_Required action_.
Please restate, exactly, only the lines from the beginning of the listing below through the line containing "Digital artwork of", with the pictures left out.

_Excerpted records_.
BEGIN
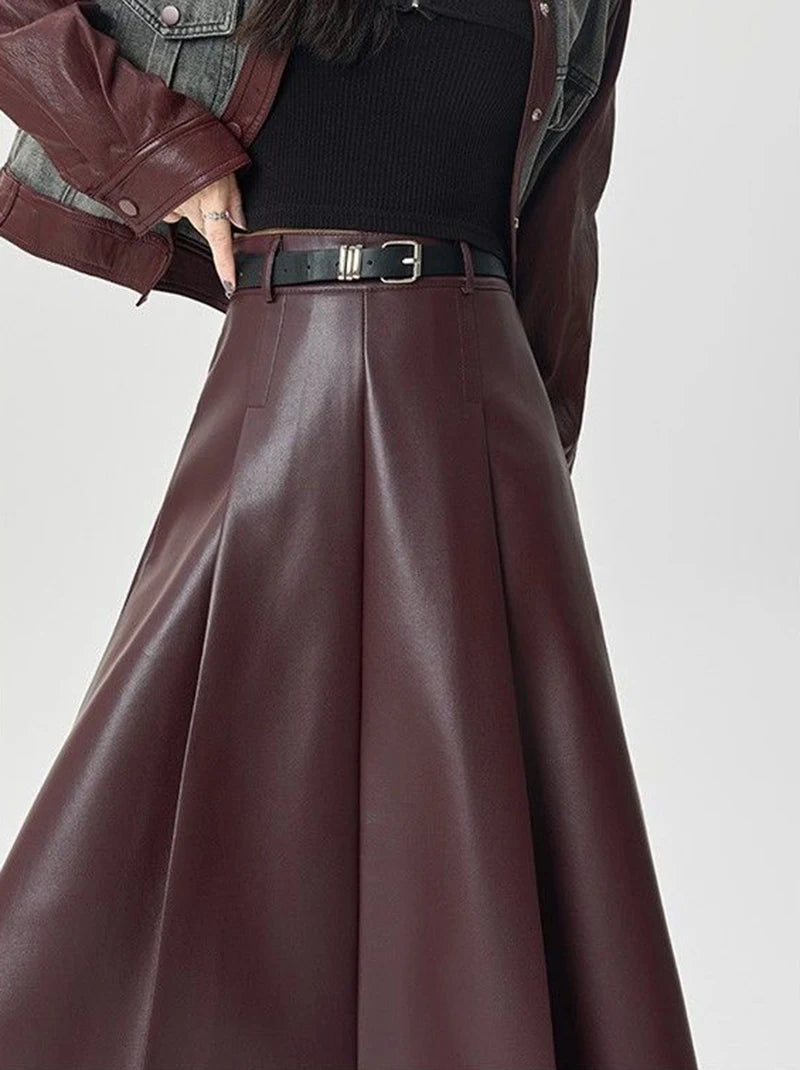 Vintage PU leather women midi skirts Y2K Autumn high waist Streetwear with belt pleated Skirt female elegant Solid A line skirts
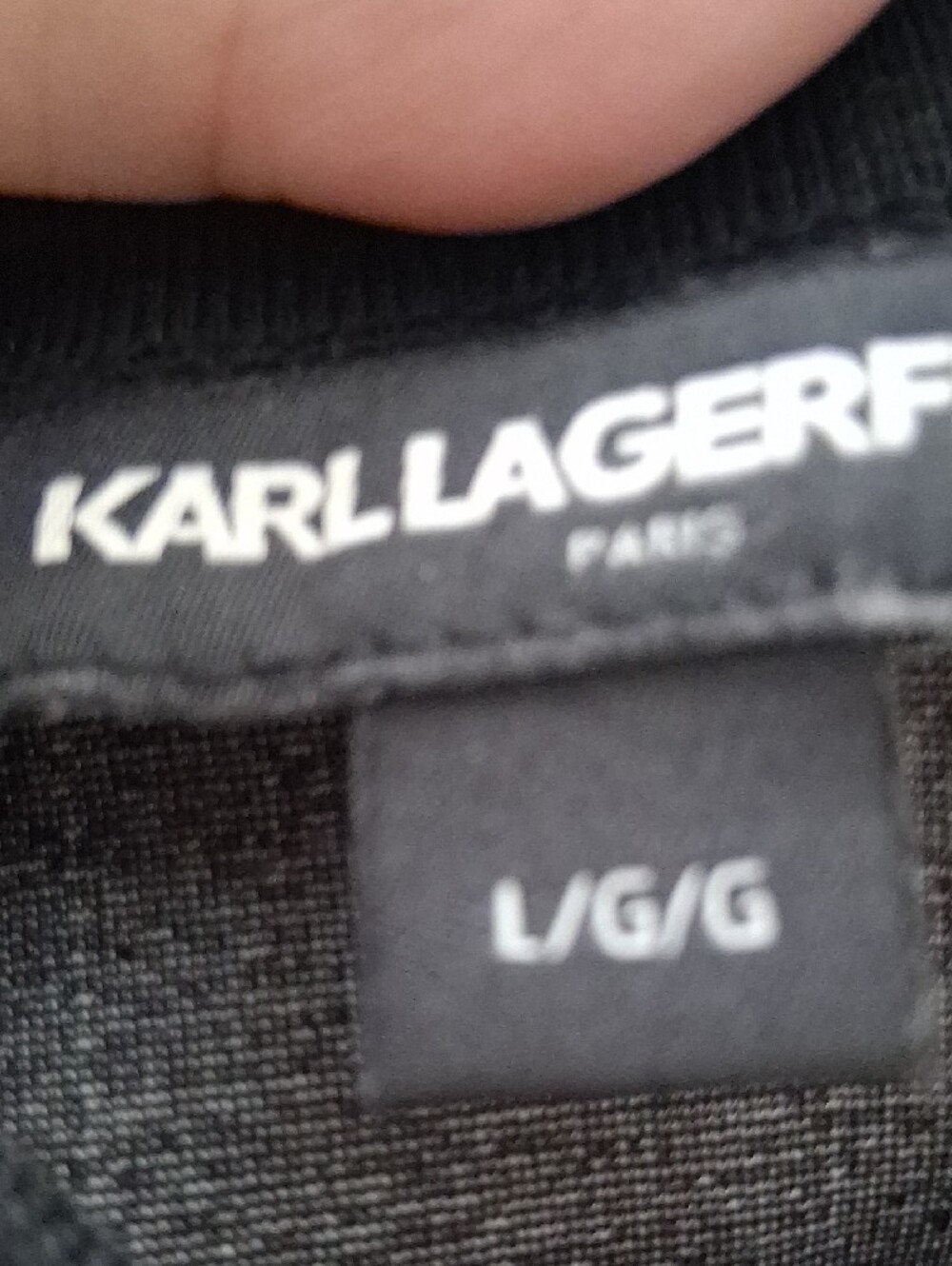 Karl Lagerfeld Black Pinstriped Zip Jacket with White Trim - Picture 6 of 6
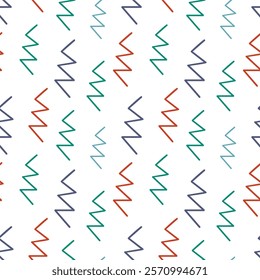 Multicolor curve line, Kids seamless pattern, vector background. Perfect for fabric, textile, baby bedding, wallpaper, pajamas. Scandinavian style.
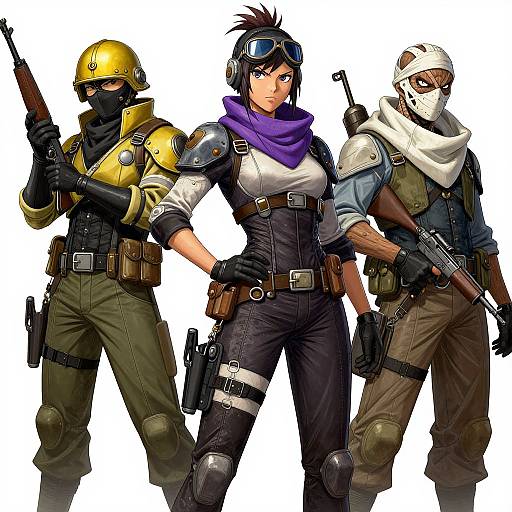 Digital artwork of three armed, tactical soldiers in diverse gear: yellow helmet, purple scarf, white bandana, standing confidently, white background.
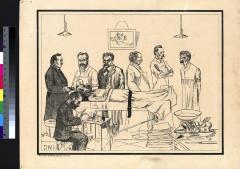caricature faisant référence au combat d'arrière-garde que se livrent les médecins lausannois vers 1905 concernant le nouveau traitement chirurgical de l'appendicite. La scène montre un malade couché sur un lit d'hôpital et attaché par une sangle. Il e…
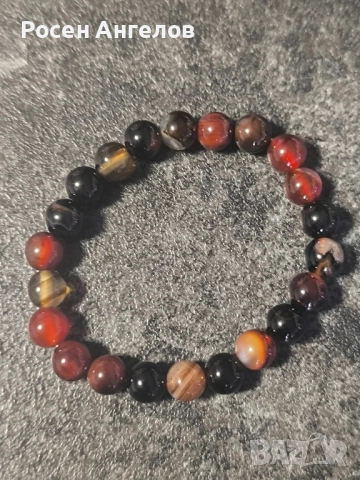 Гривни Естествен Ахат 6мм, снимка 3 - Гривни - 52198479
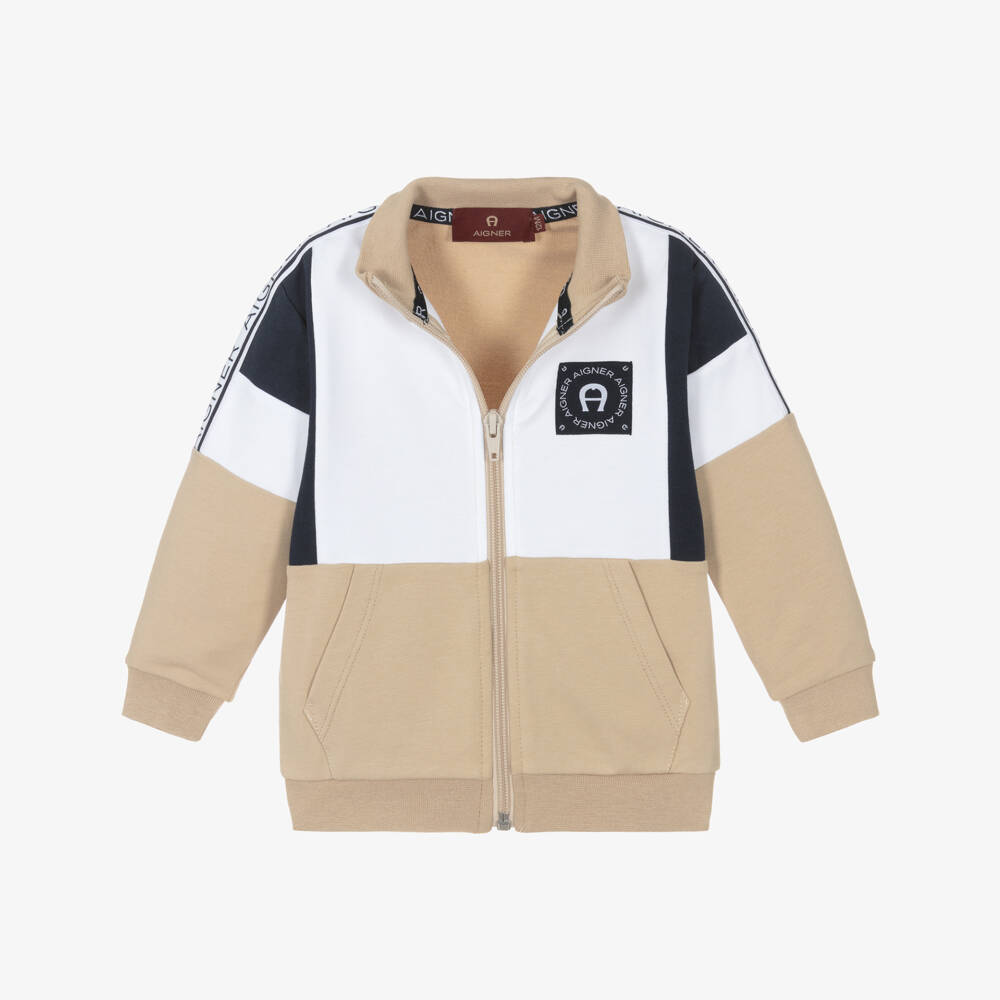AIGNER-Boys Beige Cotton Zip Jacket | Childrensalon Outlet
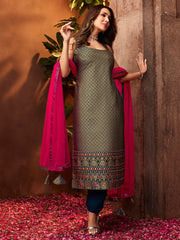 Women Teal Blue & Golden Woven Design Kurta with Trousers & Dupatta - Inddus.com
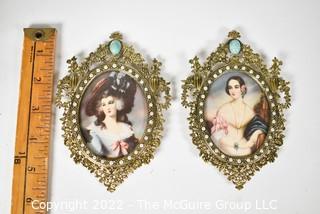 Pair Of Oval Prints of Miniatures by George Romney in Gold Ormolu Frames 
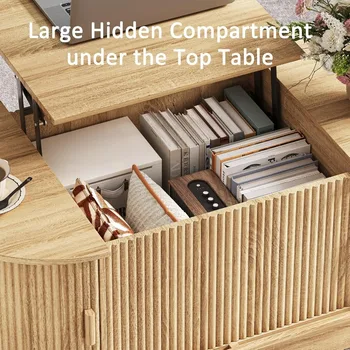 Lift Top Coffee Table with StorageOval Wood Coffee Table with Sliding Doors Hidden Compartment Fluted Center Table for Home Liv 4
END
_Expected answer_.
 Vintage PU leather women midi skirts Y2K Autumn high waist Streetwear with belt pleated Skirt female elegant Solid A line skirts
 Karl Lagerfeld Black Pinstriped Zip Jacket with White Trim - Picture 6 of 6
 Multicolor curve line, Kids seamless pattern, vector background. Perfect for fabric, textile, baby bedding, wallpaper, pajamas. Scandinavian style.
 Digital artwork of three armed, tactical soldiers in diverse gear: yellow helmet, purple scarf, white bandana, standing confidently, white background.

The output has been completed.